Surfacing Earth is comprised of both older works and newly commissioned pieces in the form of large scale and site-specific installation, video, sculpture, painting, drawing and photography. Contemplating the human experience on earth from an aesthetic perspective, the artists in the exhibition negotiate these challenges by applying poetic, performative, scientific and even humoristic approaches to their work. For example, the audience is invited to imagine themselves inside the matter of a mountain, to witness the heroic gestures of rescuing snow from melting or saving an island from floating away, and to understand the Amazon rainforest as a living subject with legal rights of its own.

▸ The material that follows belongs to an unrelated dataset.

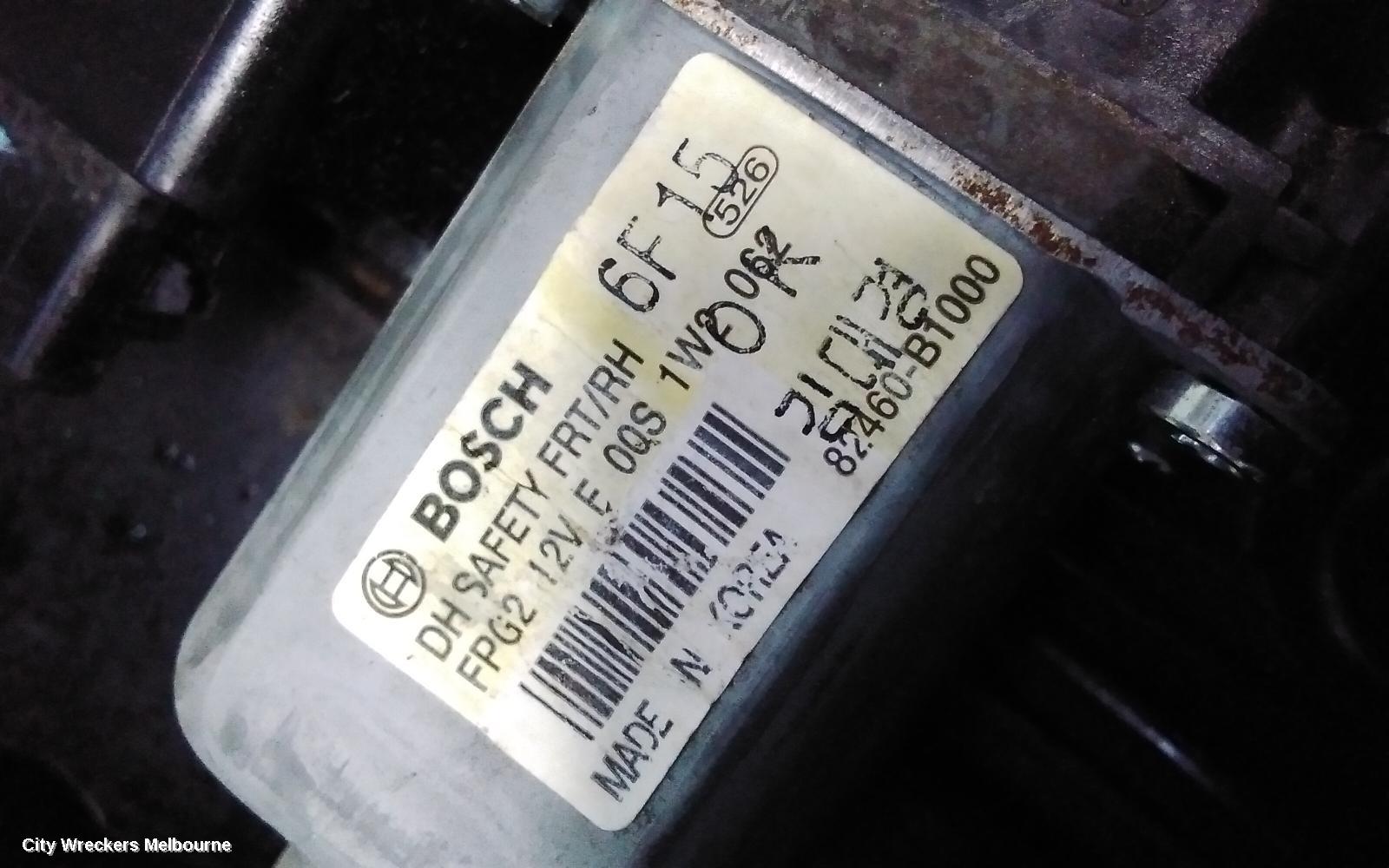 HYUNDAI GENESIS RIGHT FRONT WINDOW REG/MOTOR, DH, DOOR REG ASSY (REG AND MOTOR), 11/2014 - 01/2018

In considering the planet’s landscapes as prisms of experience, reflections of ideology, and embodiments of memory, Surfacing Earth seeks to provoke a new imaginative understanding of how we—on an emotional and sensorial level—relate to the transformed landscapes of the Anthropocene.
Surfacing Earth will be the second exhibition in Röda Sten Konsthall’s program on The Anthropocene, following the exhibition Tides of Time by Finnish artist group IC-98. The last exhibition will be a solo presentation by Turkish artist Pinar Yoldas opening fall 2016.
The exhibition is supported by The Scandinavia-Japan Sasakawa Foundation.
Röda Sten Konsthall program 2016: The Anthropocene
We live in a time where it is becoming obvious that human activity over the last 200 years has changed the planet to such an extent that we are now living in a new geological era: The Anthropocene. The term Anthropocene was coined in 2000 by the ecologist Eugene F. Stoermer and atmospheric chemist Paul Crutzen, arguing that in the future, we will be able to trace the human imprint of today’s society in glaciers, rocks, oceans and sediment. Accelerating this development has been the exponential use of fossil fuels, the massively increased global population, heavy urbanization, rising carbon dioxide and methane gas levels, and the atomic bomb. As a direct result of these activities, we are now experiencing systematic degradation of natural environments and ecological systems on global and local scales. All of these events point to the fact that mankind has become a dominant geological force.
For the season of 2016 Röda Sten Konsthall has dedicated its exhibition program to interrogating the concept and notions of the Anthropocene. Through various artistic, aesthetic, philosophic and scientifically informed projects, Röda Sten Konsthall will present a series of exhibitions and programs including talks, screenings, seminars, workshops and performances that will address, discuss and question the conditions from which humanity understands and shapes its relationship with the planet Earth.
What does it mean to exist in an epoch dominated by humans? How do we adjust our environments, landscapes, cities and social communities in the face of the current ecological crisis? Have we made the Earth a better or worse place for us to live? What role can contemporary art play in the course of learning from the Anthropocene?